What the task requires — In the data below, set down exactly the lines from the one containing "Arescollection 16g Titanium" up to and including the one containing "Chicago Riverwalk/XL large". Leave the pictures out.

Given data —

----------

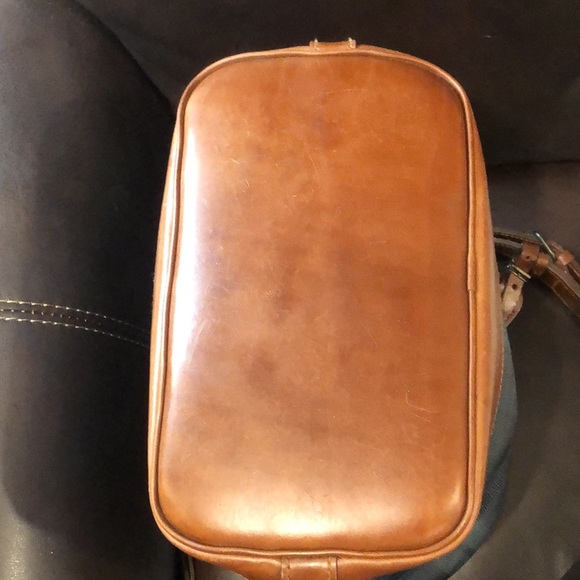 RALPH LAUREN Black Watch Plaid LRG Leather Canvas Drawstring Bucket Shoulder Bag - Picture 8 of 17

----------

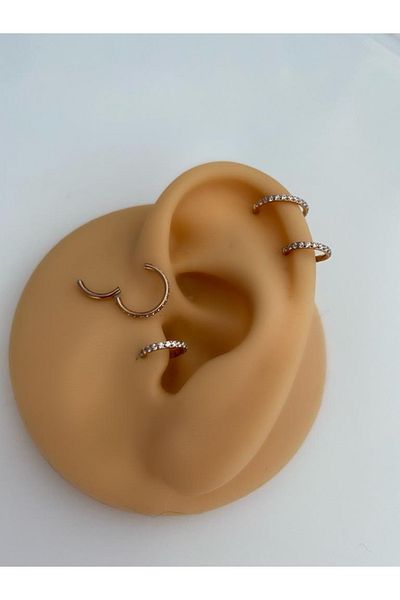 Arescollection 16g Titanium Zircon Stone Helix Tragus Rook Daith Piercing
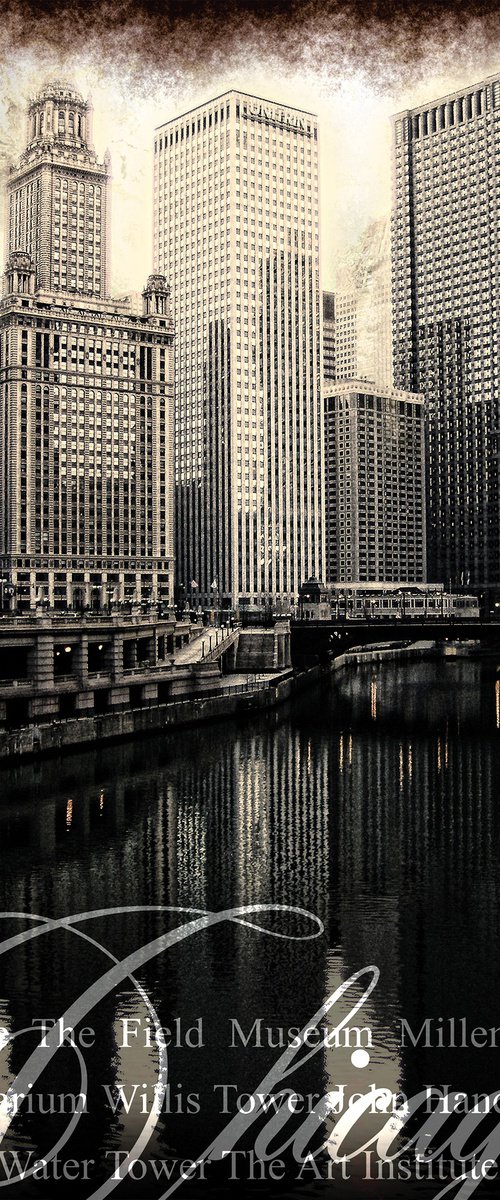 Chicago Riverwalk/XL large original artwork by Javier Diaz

----------

Task solution —
 Arescollection 16g Titanium Zircon Stone Helix Tragus Rook Daith Piercing
 Chicago Riverwalk/XL large original artwork by Javier Diaz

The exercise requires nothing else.